April 21, 2005

Pandemonium

One of the first things that baby lawyers who practice in my practice area get to do is take depositions of plaintiffs. We have tens of thousands of folks who sue our clients, so arranging and taking their depositions prior to trial is time consuming and can be difficult to do. However, baby lawyers are perfect for these types of tasks, since they have a lot more free time and can use the experience to learn about the cases.

Needless to say, I've taken my fair share of these depositions. So when I volunteered to help another attorney at my firm and said I would take a deposition yesterday, I thought nothing of it.

I should note at the outset that this particular deposition was involving a case where many plaintiffs had sued a cast of thousands of defendants, so when you attend one of these, the conference room is chock full 'o lawyers. A scary sight sometimes, but that's how it goes. I expected to see a room full of folks, so I got there early and reserved my seat while I looked over my notes.

The deposition started innocently enough. Things were actually rolling along pretty smoothly -- I was making some progress with my questions, and the witness was very nice. Once I decided to start asking him questions about the various jobs he'd had (he was claiming he had contracted an illness because of exposure to certain substances at various jobs he'd had over the years), things got weird.

To make things go a little easier and to jog his memory, I had a copy of his printout from the Social Security Administration, which lists all of the emplyers he's ever had (presumably). I told him I'd be asking him about each employer, and mentioned that his attorney also had a copy of the printout I was using, and he could look at it and follow along with me if he wanted.

At this point, his lawyer showed me the printout and said, "Here's what I'm showing him. It's clean. See?" I thought that was a strange comment, because I was thinking, why wouldn't it be clean? But I dismissed the comment and started questioning the witness. Things progressed without incident until lunch.

We took a break for lunch and when we returned, the witness and his attorney came back in the room and sat down. The plaintiff re-opened his social security printout and was looking at it on the conference room table. I glanced at it and noticed that it had handwritten notes all over it. Thinking this was strange (particularly in light of his attorney's earlier comments about how he was looking at a clean copy), I made a note to ask about it when we got to a good stopping point. When we did, I said, "Sir, I don't mean to be nosy, but it looks like your copy of the printout has some notes on it. What are those?" At that point, his attorney flipped out.

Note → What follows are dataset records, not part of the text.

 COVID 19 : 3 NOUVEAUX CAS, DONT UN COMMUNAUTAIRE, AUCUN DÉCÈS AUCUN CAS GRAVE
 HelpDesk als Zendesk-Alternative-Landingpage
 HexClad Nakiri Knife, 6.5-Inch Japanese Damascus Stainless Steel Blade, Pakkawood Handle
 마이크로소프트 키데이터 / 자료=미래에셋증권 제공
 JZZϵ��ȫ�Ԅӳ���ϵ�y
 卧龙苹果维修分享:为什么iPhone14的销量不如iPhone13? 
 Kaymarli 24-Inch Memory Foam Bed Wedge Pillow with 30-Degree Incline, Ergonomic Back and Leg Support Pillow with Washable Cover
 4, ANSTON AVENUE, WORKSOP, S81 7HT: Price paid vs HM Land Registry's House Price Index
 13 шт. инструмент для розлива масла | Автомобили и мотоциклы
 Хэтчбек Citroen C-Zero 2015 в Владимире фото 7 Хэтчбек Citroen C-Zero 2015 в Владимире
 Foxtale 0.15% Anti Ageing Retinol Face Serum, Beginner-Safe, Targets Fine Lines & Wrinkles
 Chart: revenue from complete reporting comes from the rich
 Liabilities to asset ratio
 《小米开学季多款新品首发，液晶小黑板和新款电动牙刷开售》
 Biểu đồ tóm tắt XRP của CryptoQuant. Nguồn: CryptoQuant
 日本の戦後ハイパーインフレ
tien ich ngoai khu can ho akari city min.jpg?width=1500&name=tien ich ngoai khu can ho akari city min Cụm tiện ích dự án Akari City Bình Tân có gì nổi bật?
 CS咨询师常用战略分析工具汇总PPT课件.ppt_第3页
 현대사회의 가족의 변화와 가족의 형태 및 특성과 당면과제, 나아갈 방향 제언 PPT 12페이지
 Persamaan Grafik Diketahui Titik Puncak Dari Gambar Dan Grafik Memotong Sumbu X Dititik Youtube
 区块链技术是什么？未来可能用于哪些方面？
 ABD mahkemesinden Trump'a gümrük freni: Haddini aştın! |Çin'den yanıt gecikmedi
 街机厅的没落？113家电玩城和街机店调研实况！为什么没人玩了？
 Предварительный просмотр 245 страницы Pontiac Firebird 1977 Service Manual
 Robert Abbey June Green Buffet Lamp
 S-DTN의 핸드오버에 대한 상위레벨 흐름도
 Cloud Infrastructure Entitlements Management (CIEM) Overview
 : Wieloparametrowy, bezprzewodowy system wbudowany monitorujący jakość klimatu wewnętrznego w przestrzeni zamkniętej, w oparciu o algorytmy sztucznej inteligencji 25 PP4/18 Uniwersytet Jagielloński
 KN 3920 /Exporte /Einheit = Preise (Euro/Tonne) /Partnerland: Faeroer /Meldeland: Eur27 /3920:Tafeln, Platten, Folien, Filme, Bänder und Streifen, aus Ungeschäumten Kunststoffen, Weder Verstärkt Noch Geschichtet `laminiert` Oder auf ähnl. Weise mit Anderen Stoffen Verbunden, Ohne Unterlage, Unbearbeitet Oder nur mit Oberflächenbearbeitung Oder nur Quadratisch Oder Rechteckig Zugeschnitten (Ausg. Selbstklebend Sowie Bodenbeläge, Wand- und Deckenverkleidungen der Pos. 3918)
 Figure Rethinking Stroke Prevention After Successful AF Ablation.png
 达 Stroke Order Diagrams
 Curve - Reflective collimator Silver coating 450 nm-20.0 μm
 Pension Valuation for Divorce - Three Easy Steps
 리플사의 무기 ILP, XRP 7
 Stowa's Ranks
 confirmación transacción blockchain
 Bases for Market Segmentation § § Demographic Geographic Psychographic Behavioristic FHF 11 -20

His attorney looked apoplectic, became red in the face and started yelling at me. He began shouting, "This witness has made notes on the papers in the presence of his attorney and he made them to prepare for his deposition! He's allowed to use them to refresh his recollection if he wants! How dare you imply that he isn't being entirely truthful!" I calmly replied, "I wasn't implying any such thing. I was just wondering what sort of notes he has on his printout." His attorney spat out, "He told you all about them already, so move on." I said, "No. YOU told me about them. He hasn't told me anything yet." His attorney shot back, "He's allowed to make notes if he wants to," to which I replied, "I agree," and his lawyer said, "Then why ask him about it?" I replied, "If he's going to use them during his deposition, I'm going to ask him about them. I want to see whether the notes were based on his independent recollection of the facts." His lawyer shouted, "Well, what else would they be based on!?" I calmly replied, "I don't know. That's why I'm asking the question." The attorney crossed his arms like a four year old and spat out, "Fine. Ask him."

Keep in mind, as a rule, people don't yell at me. I'm a pretty laid back kitty and I get along with just about everyone. The fact that I was completely calm and unruffled during this exchange only made him more irate. It didn't help the situation that all of the other lawyers in the room were now loudly whispering to one another, clearly riled up.

I asked the witness whether he made the notes, where he got the information, etc. Finally, after I'd asked all my questions, I asked his attorney if he could attach a copy of the now-infamous document to the deposition. He agreed.

Thinking all of the craziness was behind us, I forged onward. After about an hour, the witness asked if we could take a break so he could get a glass of water. I agreed. The rest of us sat in the conference room and waited for his return. And waited. And waited. Around 20 minutes later, he and his attorney re-entered the room. While we'd been waiting, several attorneys asked me when we would finish up the deposition for the day, as they wanted to beat the rush hour traffic. I had promised them I would address it with the plaintiff's lawyer as soon as they returned.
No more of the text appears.